But I should apologize: later on it turns out that the definition of "modulo 2**32-1" which is used in the algorithm description other than I had thought. It is weird from the mathematical point of view:
A+B if A+B<2**32
A+B-2**32+1 if A+B>=2**32
I manged to meet timings by using Sum(32) to decide what sum I should use.

    Sum <= resize(A, 33)+resize(B, 33);
    Sum_P1 <= resize(A, 33)+resize(B, 33)+1;
    
    process(clk)
    begin
        if rising_edge(clk) then
            A <= A_in;
            B <= B_in;
            
            if Sum(32) = '1' then
                C<=resize(Sum_P1,32);
            else
                C<=resize(Sum,32);
            end if;
        end if;
    end process;

In my case (Artix-7) this code gives me a critical path of LUT2 then 8 CARRY4 then LUT3 and it's pretty fast (3.09 ns estimated before the routing step).
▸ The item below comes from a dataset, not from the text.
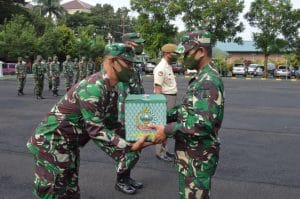 Bukti Kepedulian Komando, Kodim 0818/Kab Malang-Batu Bagikan Bingkisan Lebaran dari Kodam V/Brawijaya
It consumes 96 luts estimated.

If I use
Sum_P1 <= Sum+1;
istead, it gives me a critical path of LUT2 + 9 CARRY4 + LUT2 + 8 CARRY4 and it doesn't meet timings (4.232 ns estimated before the routing step). It consumes 64 luts estimated.


If we return to our original task with a proper modulo 2*32-1 addition and use Sun_P1(32) for the select input of the multiplexer
    Sum <= resize(A, 33)+resize(B, 33);
    Sum_P1 <= resize(A, 33)+resize(B, 33)+1;
    
    process(clk)
    begin
        if rising_edge(clk) then
            A <= A_in;
            B <= B_in;
            
            if Sum_P(32) = '1' then
                C<=resize(Sum_P1,32);
            else
                C<=resize(Sum,32);
            end if;
        end if;
    end process;
we would have exactly the same results on Artix-7 as with "weird" addition. (And it makes sense)

in case of Sum_P1 <= Sum+1; we have LUT2 + 7 CARRI4 + LUT + 2 CARRY4 + LUT2 and we don't meet timings(4.444 ns estimated before the routing step). It consumes 96 luts estimated.

if we do it like that:
    Y1  <= resize(A, 33) + resize(B, 33) + 1;
    Y   <= resize(A + B + resize(Y1(32 downto 32),33), 32); 
    
    process(clk)
    begin
        if rising_edge(clk) then
            A <= A_in;
            B <= B_in;
            
            C <= Y;
        end if;
    end process;
we have in critical path LUT2 + 8*CARRY4 + LUT2 + 8*CARRY4 and we don't meet timings(4.338 ns estimated before the routing step). It consumes 64 luts estimated.